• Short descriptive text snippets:

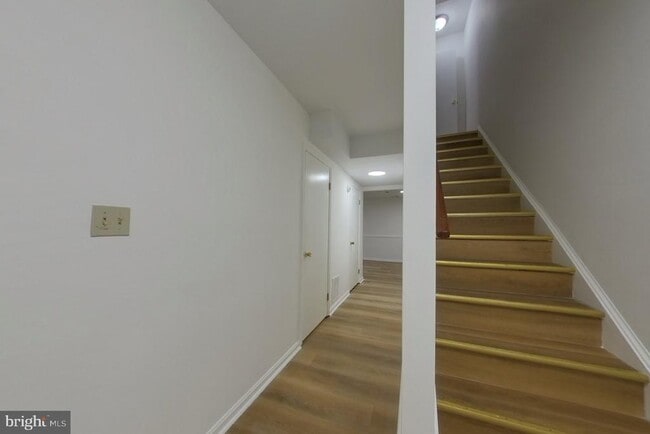 Building Photo - 4939 McFarland Dr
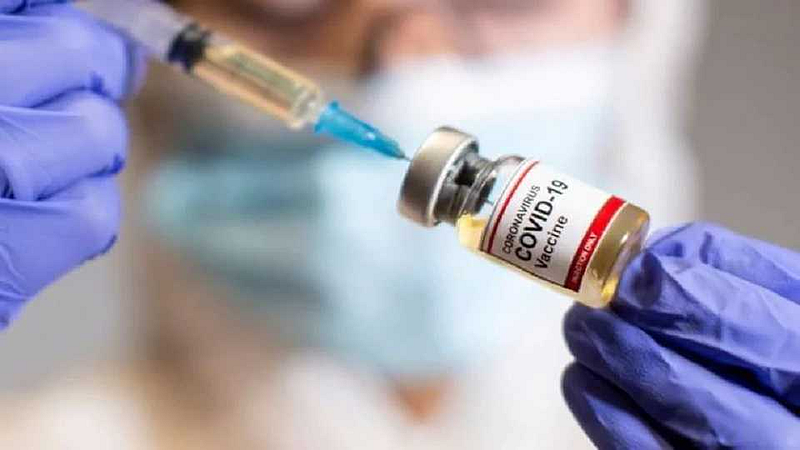 कोरोना प्रतिबंधक लस संपल्या; नवा साठा आज येणार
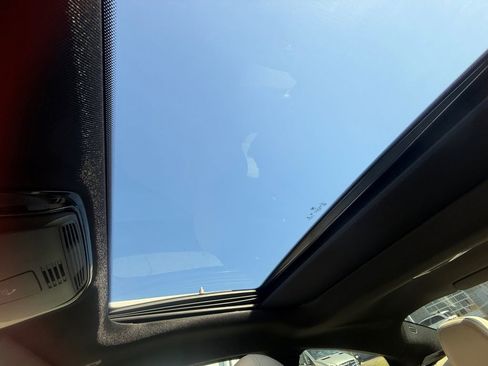 Used 2023 BMW 430i Coupe w/ M Sport Package image 22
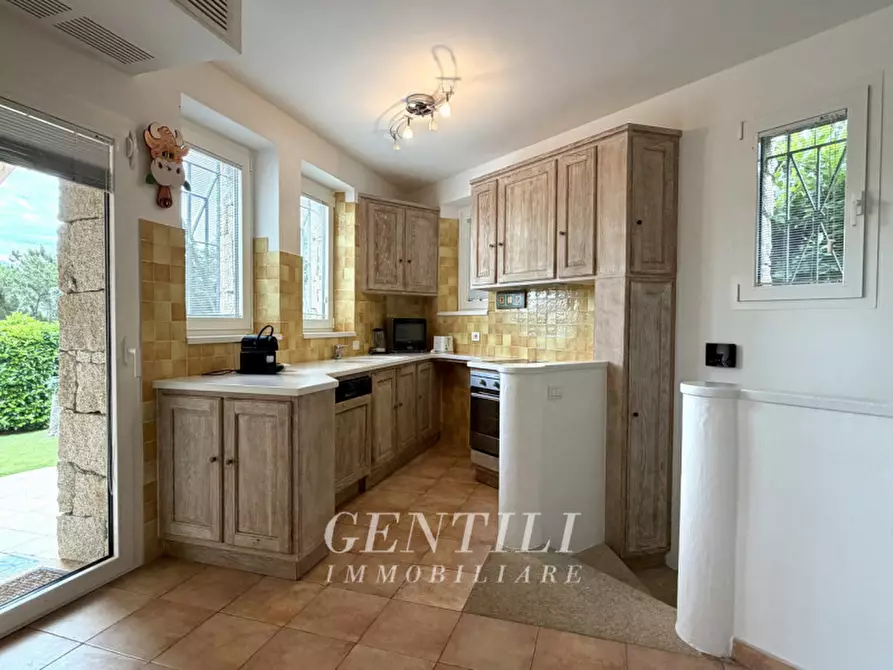 Immagine 11 di Villa in vendita  in Via Cala dei Ginepri a Arzachena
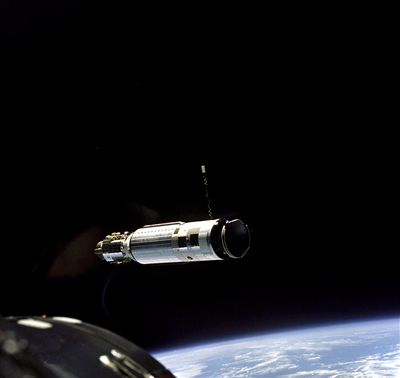 Cílové těleso Agena během příletu Gemini 8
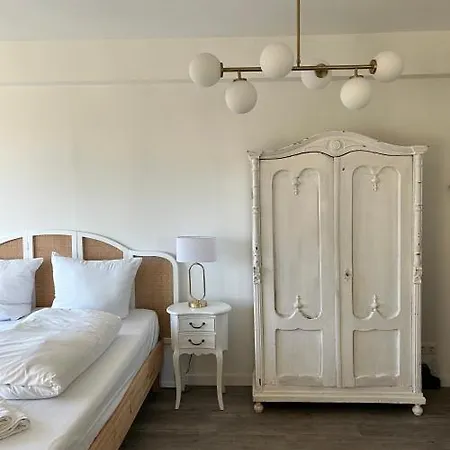 Studio-apartment Shabby 47 Citynah, Retro & Modern Apartment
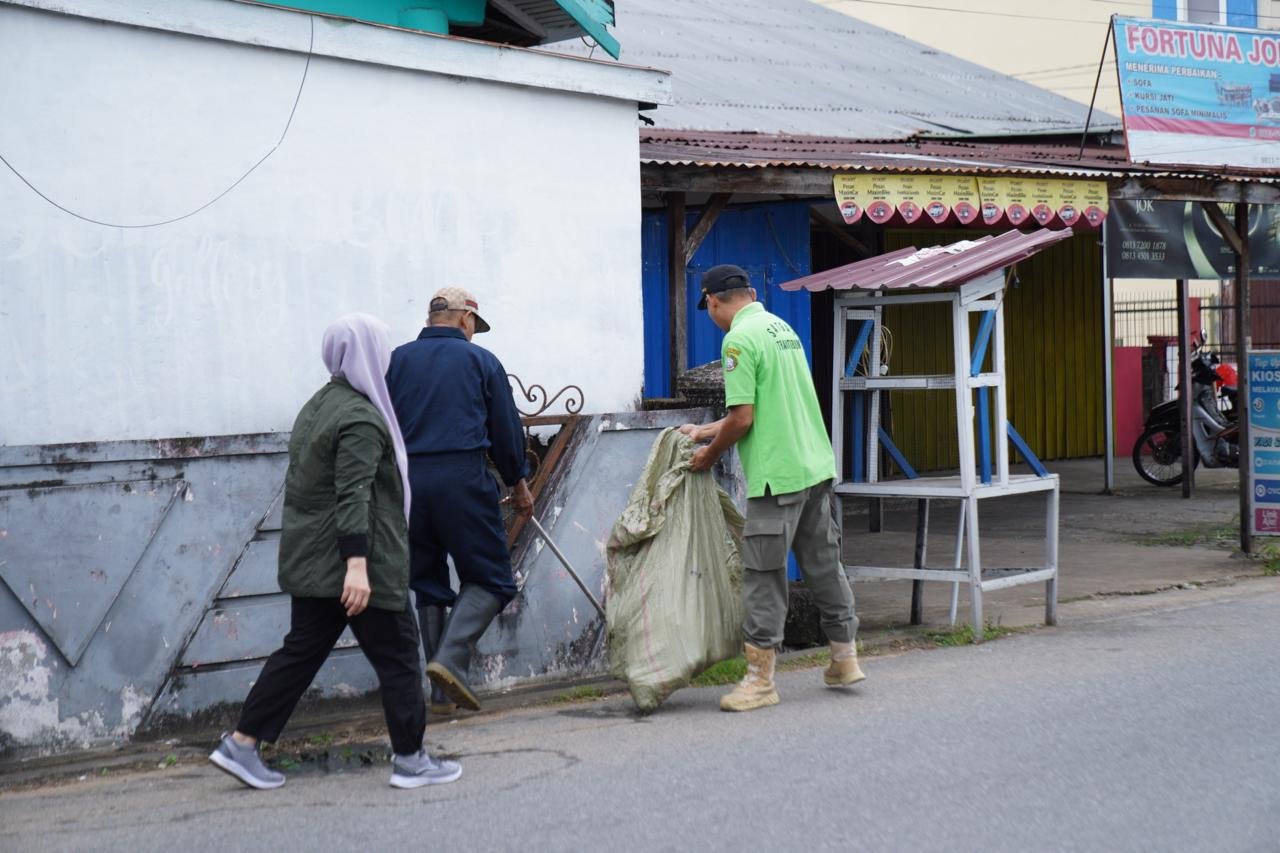 Wako Edi Apresiasi Warga Giatkan Aksi Gotong Royong Antisipasi Genangan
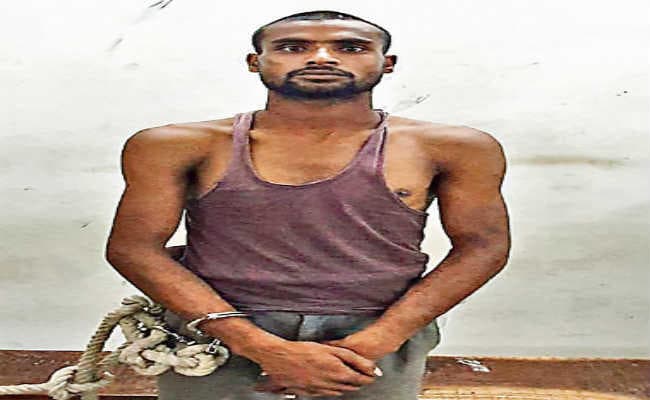 बच्ची को नशा सुंघा बोरा में डाल ले जा रहा था बेचने, लोगों ने पकड़ा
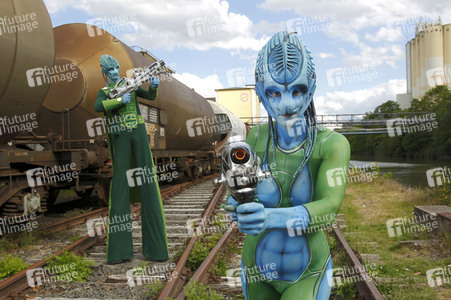 GEEK ART: Außerirdische besuchen die Erde / Aliens Visit Earth Bodypainting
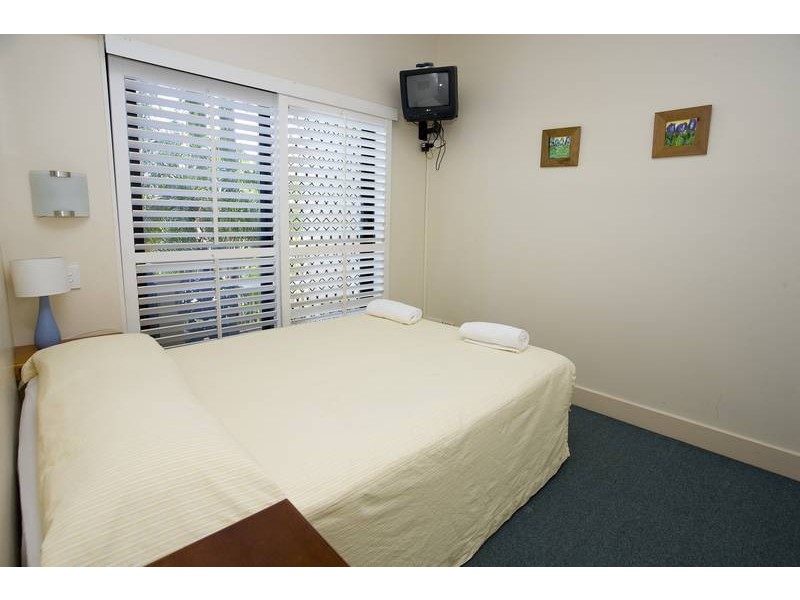 4/60-64 Paklyn Parade, Mooloolaba QLD 4557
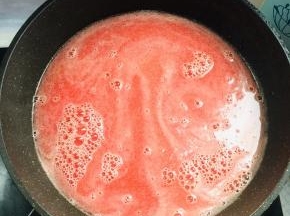 开火，榨好的西瓜汁儿倒入锅中！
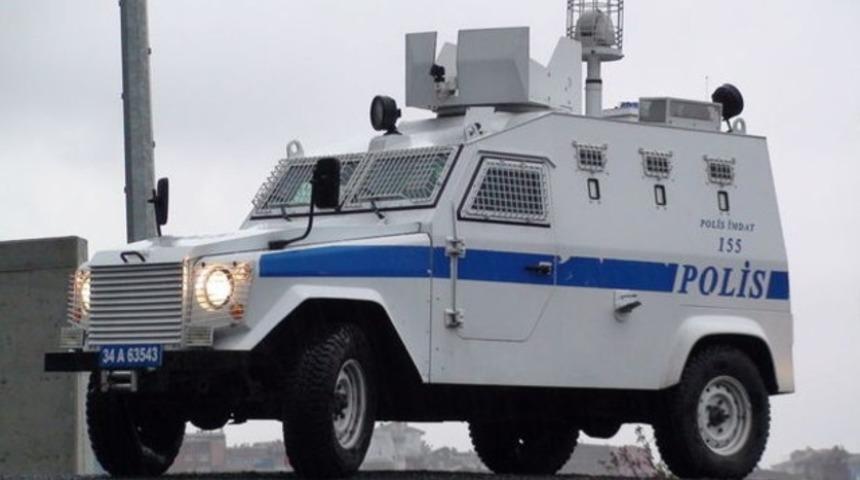 Polis aracına roketatarlı saldırı: 1 polis yaralandı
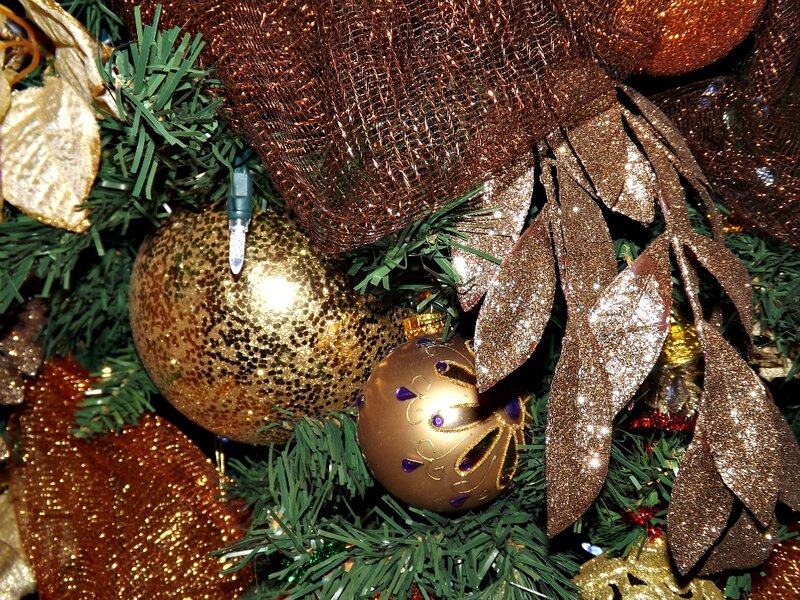 Gold Ornaments on Tree — Green, Festive, Winter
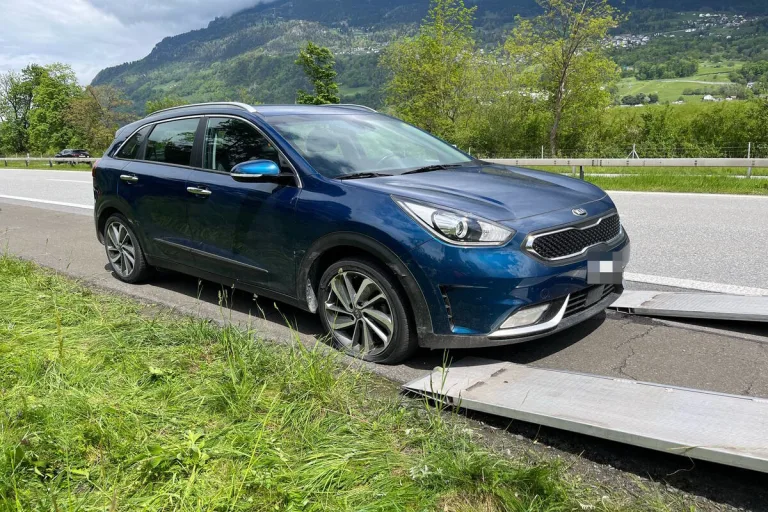Weite SG - Unfall auf der A13 unter Alkoholeinfluss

• Task requirements:
Transcribe exactly the span of lines from the line holding "Cílové těleso Agena během příletu Gemini 8" through the last line above, both included. Pictures stay out.

• Task output:
 Cílové těleso Agena během příletu Gemini 8
 Studio-apartment Shabby 47 Citynah, Retro & Modern Apartment
 Wako Edi Apresiasi Warga Giatkan Aksi Gotong Royong Antisipasi Genangan
 बच्ची को नशा सुंघा बोरा में डाल ले जा रहा था बेचने, लोगों ने पकड़ा
 GEEK ART: Außerirdische besuchen die Erde / Aliens Visit Earth Bodypainting
 4/60-64 Paklyn Parade, Mooloolaba QLD 4557
 开火，榨好的西瓜汁儿倒入锅中！
 Polis aracına roketatarlı saldırı: 1 polis yaralandı
 Gold Ornaments on Tree — Green, Festive, Winter
Weite SG - Unfall auf der A13 unter Alkoholeinfluss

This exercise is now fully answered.